Greenpeace's battle with seismic companies offshore Europe over reported injuries to whales and porpoises by acoustic airguns could pose a serious problem for the industry. If injuries are taking place, and this has not been demonstrated by qualified procedures, there will be great pressure to find alternatives to the present system of surveying.

Leonard Le Blanc

Seismic shutdown

Greenpeace's battle with seismic companies offshore Europe over reported injuries to whales and porpoises by acoustic airguns could pose a serious problem for the industry. If injuries are taking place, and this has not been demonstrated by qualified procedures, there will be great pressure to find alternatives to the present system of surveying.

There are few ocean regions where whales and porpoises do not travel, especially in deepwater frontier areas. Whales are not likely to be frightened easily, especially in migratory patterns, although surveys could be conducted between whale migrations. Porpoises, on the other hand, remain in good feeding areas for long periods of time, and could be the greater problem.

To attain the desired signal penetration energy, an acoustic or concussive signal must be substantial. There are no known substitutes for acoustics in the seismic field. Relying solely on magnetic and gravity measurements, despite the substantial technical progress made in these two technologies, would push drilling risks back into the era of 2-D seismic. Another alternative, electromagnetics, does not produce sufficient signal penetration or speed differentiation to evaluate geological formations or contents.

One measure considered by surveyors, in order to scare off potential victims, is to generate low-energy acoustic signals on startup and periodically as a seismic vessel transits one part of the survey range to another. It represents an extra cost, but a modest one compared with a change of technology.

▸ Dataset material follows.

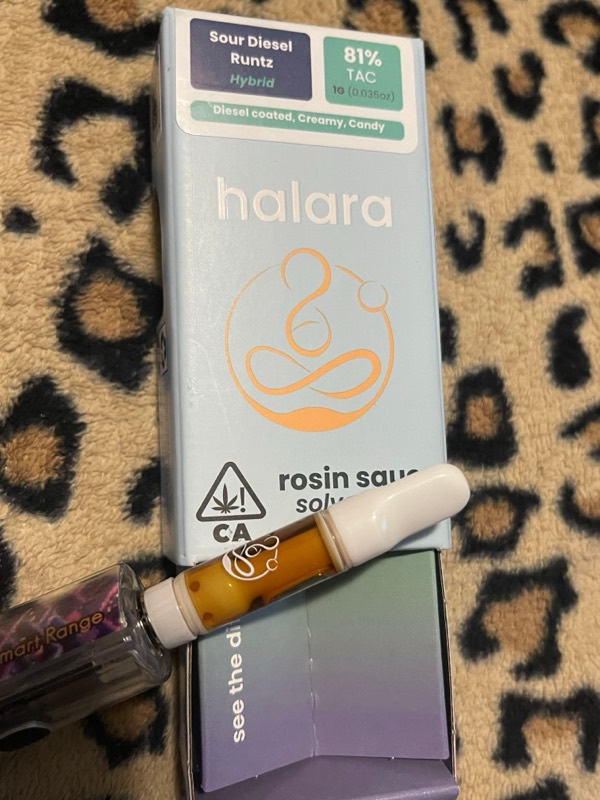 Halára customer photo — sour diesel runtz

The seismic sector should continue to push for evidence of linkage between mammal injury or disorientation and acoustic signals. However, as in other things that enter the regulatory realm, physical evidence might not be necessary. The seismic sector may want to consider its collective position if the issue goes global, and if significant political and public support adheres to Greenpeace in this dispute.

Canada's Atlantic plan

Decades ago, Newfoundland was the gateway to North America and the center of the North Atlantic fishing industry. Virtually all trans-Atlantic flights stopped in Gander for re-fueling. The nearby Grand Banks was the most prolific fishing region in the world. The advent of large jet aircraft brought re-fueling operations to a stop, and fish populations offshore collapsed. The Canadian government, in an effort to assist Newfoundland with severe unemployment and poor industry prospects, stepped in and supported the Hibernia platform field development.

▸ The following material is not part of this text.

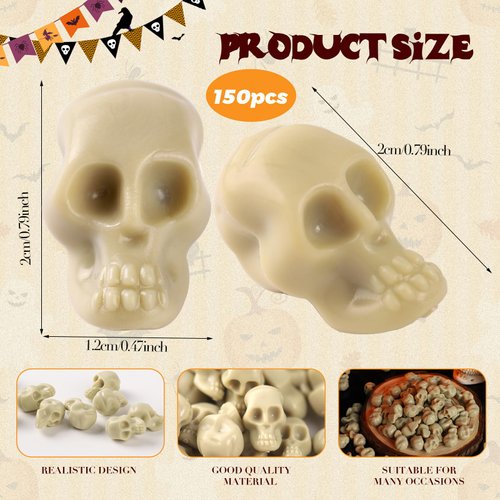 OZIO 150Pcs Halloween Mini Plastic Skull Heads, Miniature Figurines Skulls Heads Ornamets Halloween Decorations for DIY Halloween Crafts Home Prank Props Party Favors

Today, even though unemployment remains high, the investment is proving worthwhile. Higher oil prices will provide a return for investors, other fields nearby are made commercial by Hibernia's proximity, and a modest petroleum industry infrastructure is now in place.

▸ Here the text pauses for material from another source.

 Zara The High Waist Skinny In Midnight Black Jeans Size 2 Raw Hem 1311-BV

The Canadian government needs to turn its attention to the gas end of the equation on the Grand Banks. Sable Island gas off Nova Scotia, now being developed by commercial interests, comprises only a portion of potential Atlantic gas reserves.

If gas injection is feasible for discoveries, or commercial gas-to-liquids conversion materializes soon, then the problem is solved. If not, then Canada must devise a plan to prevent stranding of associated reserves on the Grand Banks and limiting development opportunities. Also, Canada should consider eliminating capacity constraints on proposed gas trunklines onshore and whether these might limit future development. While planned throughput seems to exceed market demand now, gas fields deplete quickly.

The challenges of producing through pipelines crossing the Grand Banks are huge. Much of the seafloor is hard rock, and what is not is criss-crossed by iceberg gouges. The hard rock transit areas pose the greatest hurdle, since a pipeline would probably have to be trenched. Such an undertaking would be expensive, and trench grinding equipment does not yet exist. Once installed in rock, however, the shoulders of the trench would protect a pipeline from iceberg keels and anchors pulled across the seafloor. Only a seismic event or a direct hit from above would impact a rock-trenched pipeline.

Pipeline transit in soft seafloor areas to the west and south of the Grand Banks where ice gouges are present might require a 15-ft burial depth, but a shallower burial could be risk-efficient if maximum depth gouges are rare. Unless the gouges are recent, deeper areas down-current of shallower shelf areas would need only anchor protection.

The Canadian government needs to continue what it started with Hibernia by further enlarging the opportunities for Grand Banks oil and gas prospects. Development of a gas network there is a key to that expansion.